DESCRIPTION OF THE TASK: Pictures are to be left out; every line from the one with "Kuantan Apartment |" through the end of the data must be transcribed exactly.

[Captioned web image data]
•••••

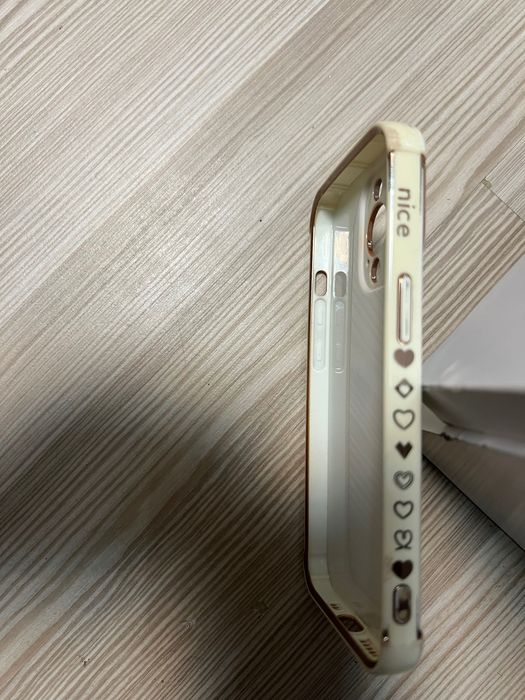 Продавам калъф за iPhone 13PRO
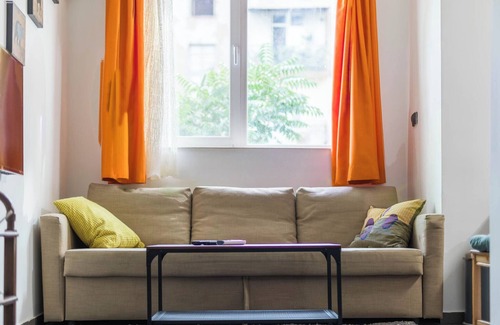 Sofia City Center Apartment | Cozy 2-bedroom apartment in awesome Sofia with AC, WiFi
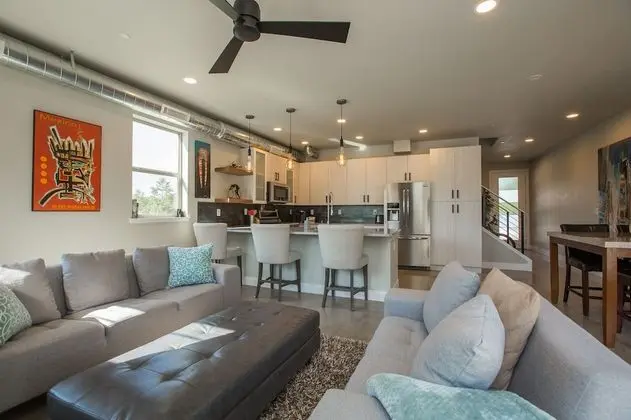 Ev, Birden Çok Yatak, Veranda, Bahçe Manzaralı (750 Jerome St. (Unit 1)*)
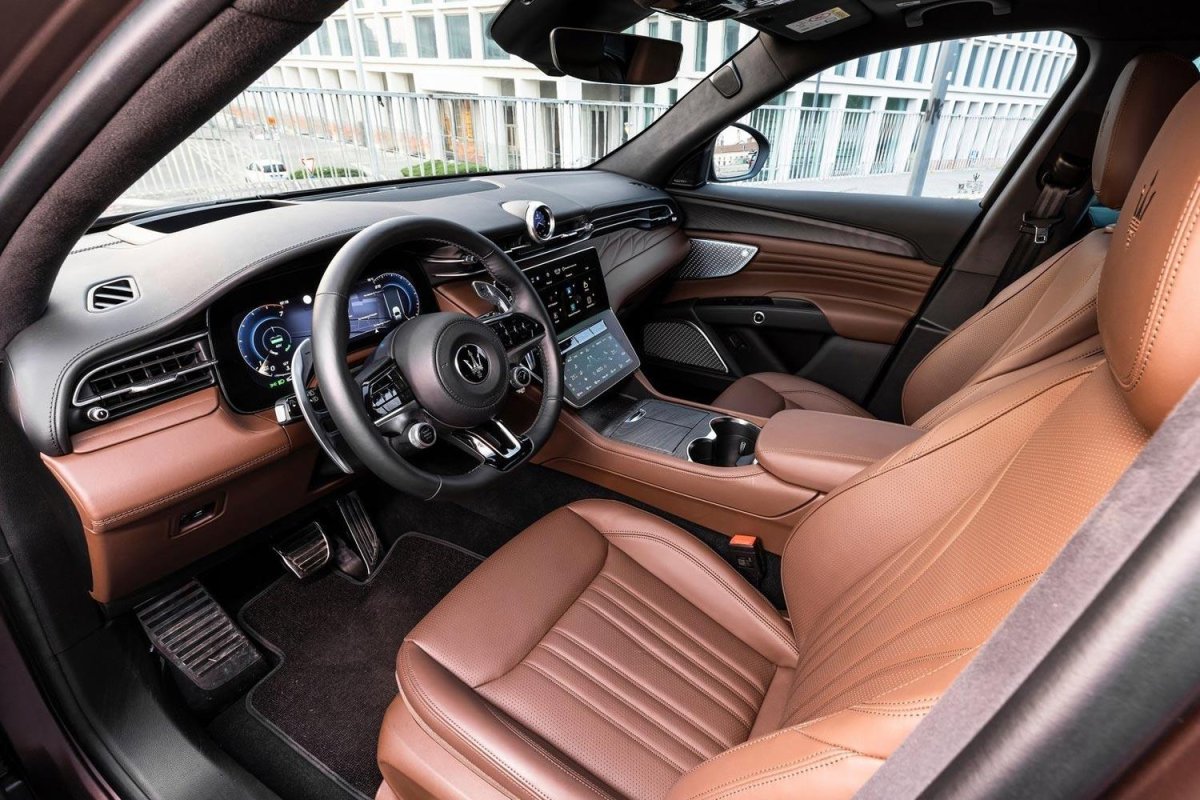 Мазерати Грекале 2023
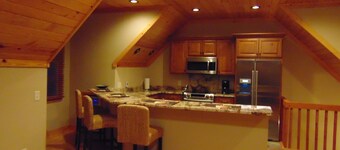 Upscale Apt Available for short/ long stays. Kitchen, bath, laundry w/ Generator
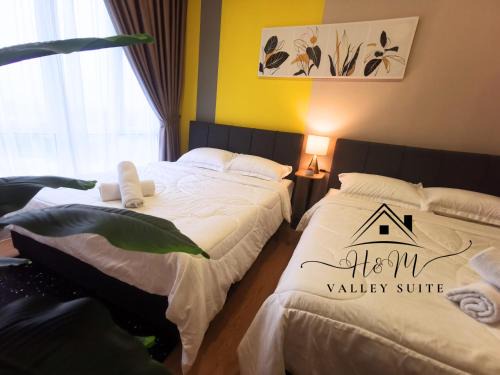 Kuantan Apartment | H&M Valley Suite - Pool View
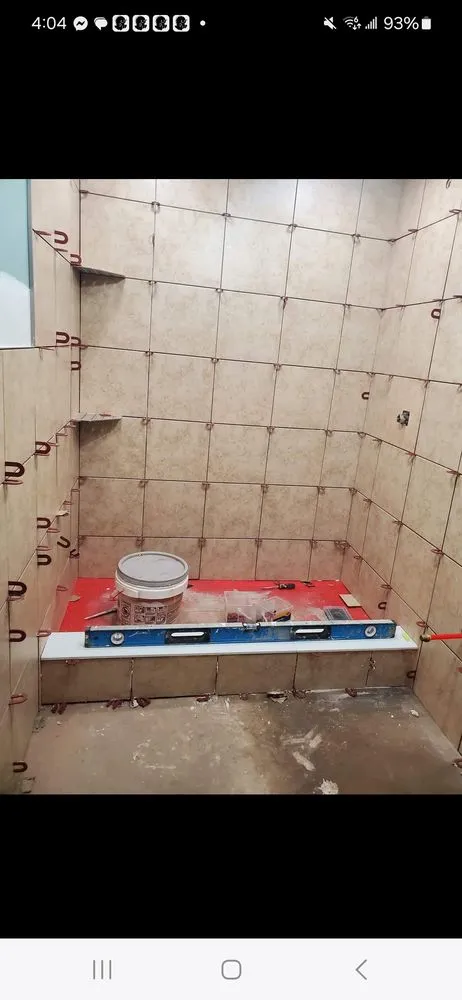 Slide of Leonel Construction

•••••

EXERCISE OUTPUT:
 Kuantan Apartment | H&M Valley Suite - Pool View
 Slide of Leonel Construction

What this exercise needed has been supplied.